_Goal of the exercise_:
Skip the pictures and retype exactly the lines from the one holding "view of front" through the end of the entries.

_Given data_:
____________

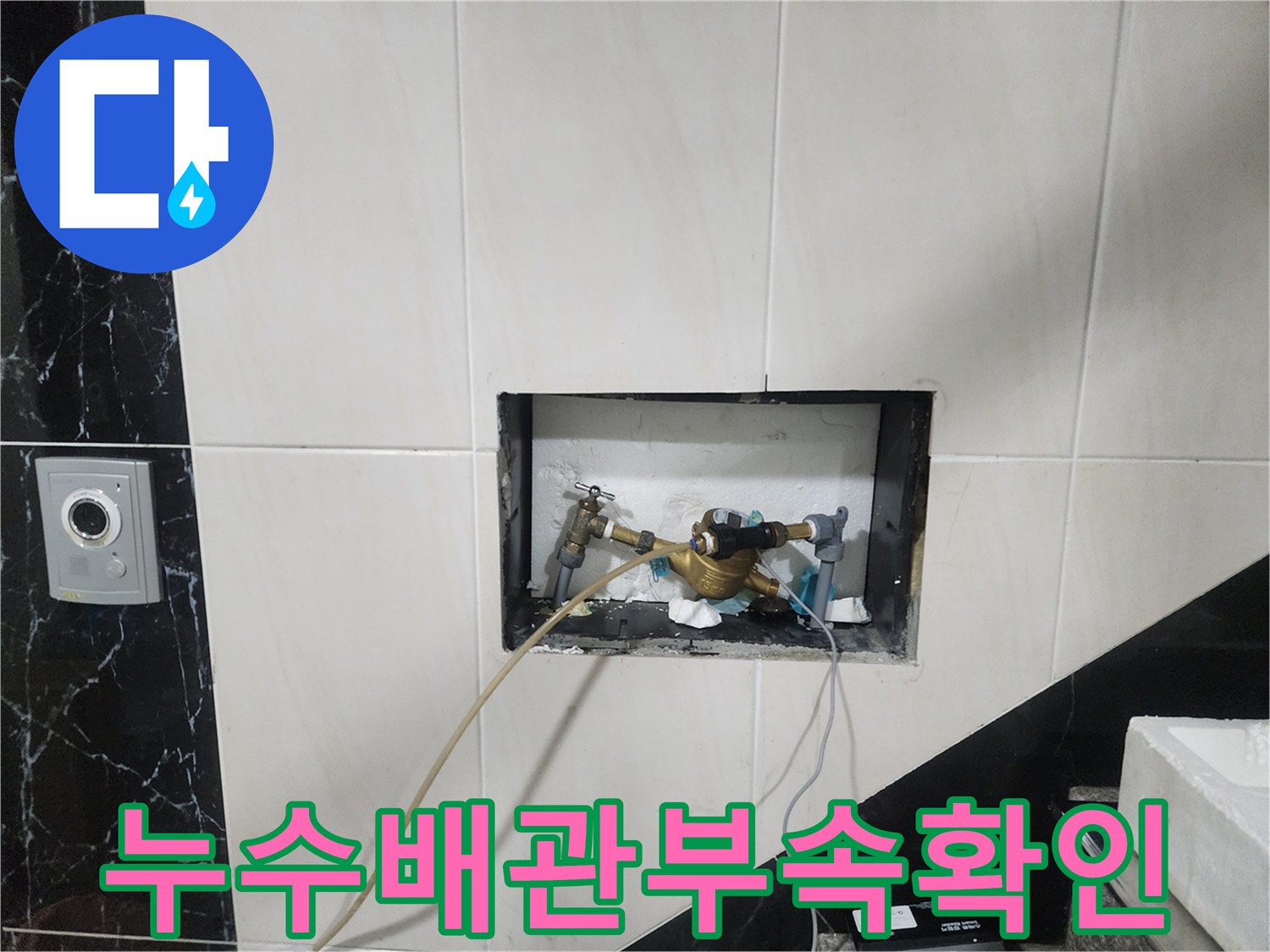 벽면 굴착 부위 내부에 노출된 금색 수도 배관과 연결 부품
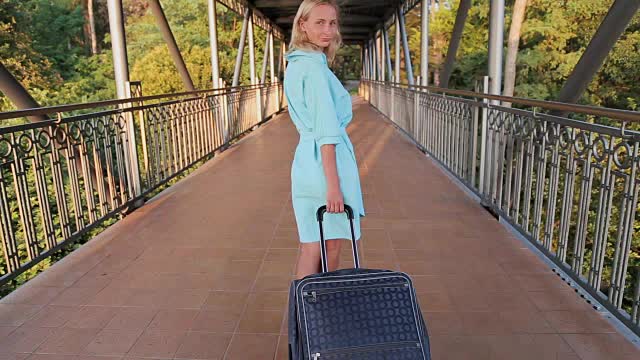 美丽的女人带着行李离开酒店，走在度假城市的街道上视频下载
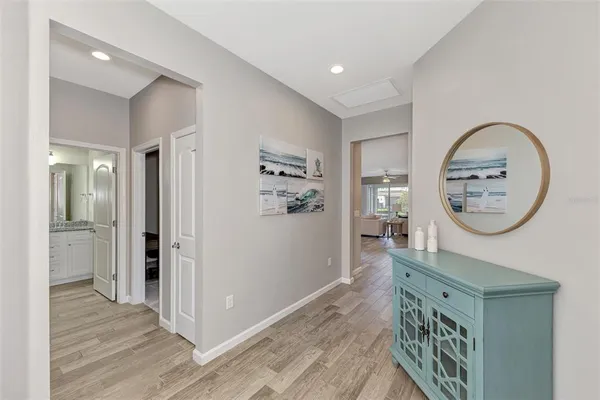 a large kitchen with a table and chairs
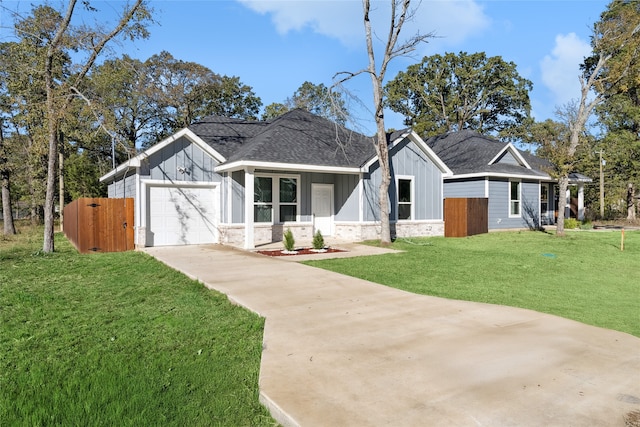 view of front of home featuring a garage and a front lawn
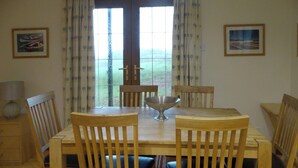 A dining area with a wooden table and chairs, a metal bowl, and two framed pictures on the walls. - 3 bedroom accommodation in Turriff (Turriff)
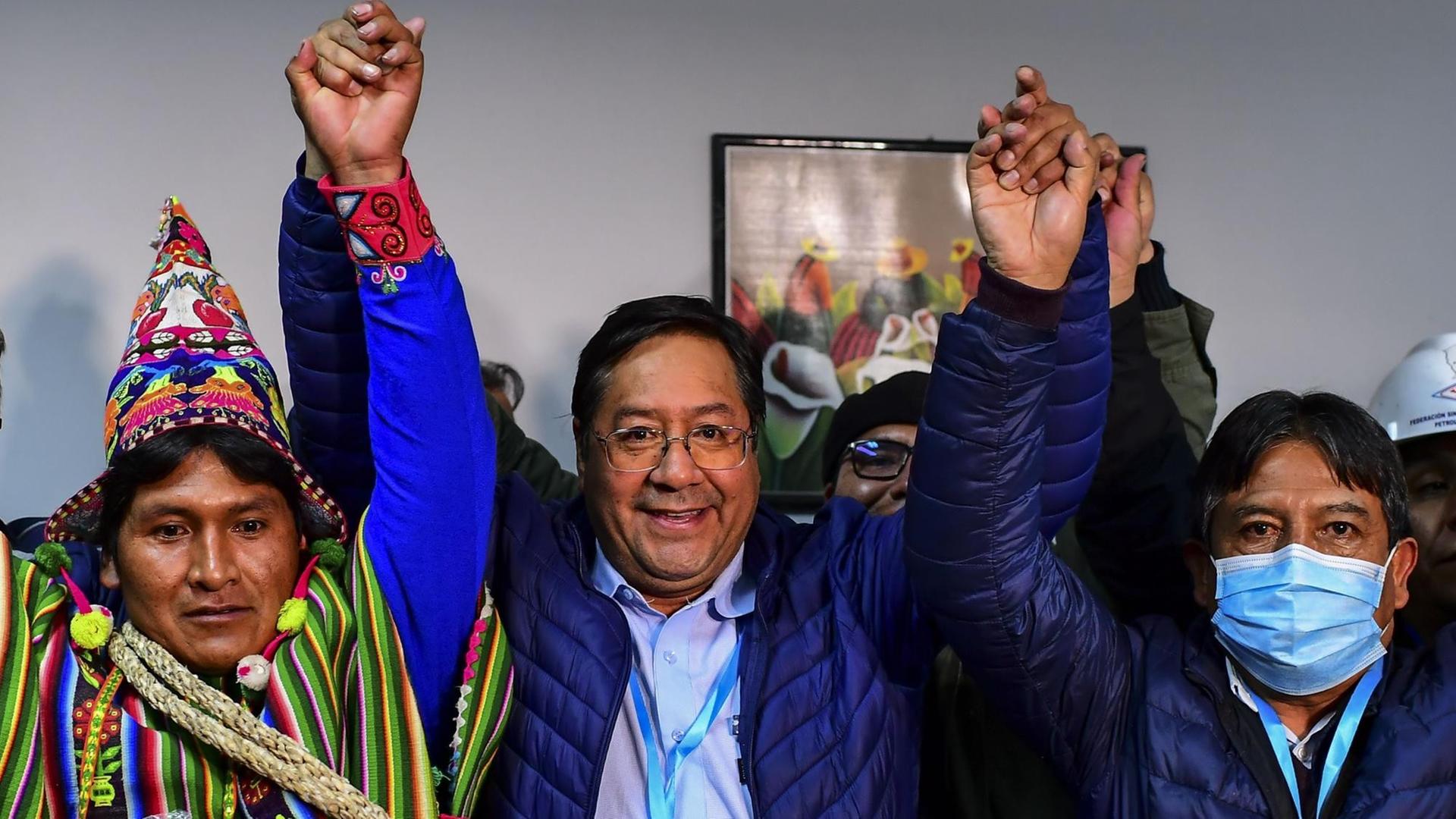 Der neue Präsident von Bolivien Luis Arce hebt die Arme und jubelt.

____________

_Result below_:
 view of front of home featuring a garage and a front lawn
 A dining area with a wooden table and chairs, a metal bowl, and two framed pictures on the walls. - 3 bedroom accommodation in Turriff (Turriff)
 Der neue Präsident von Bolivien Luis Arce hebt die Arme und jubelt.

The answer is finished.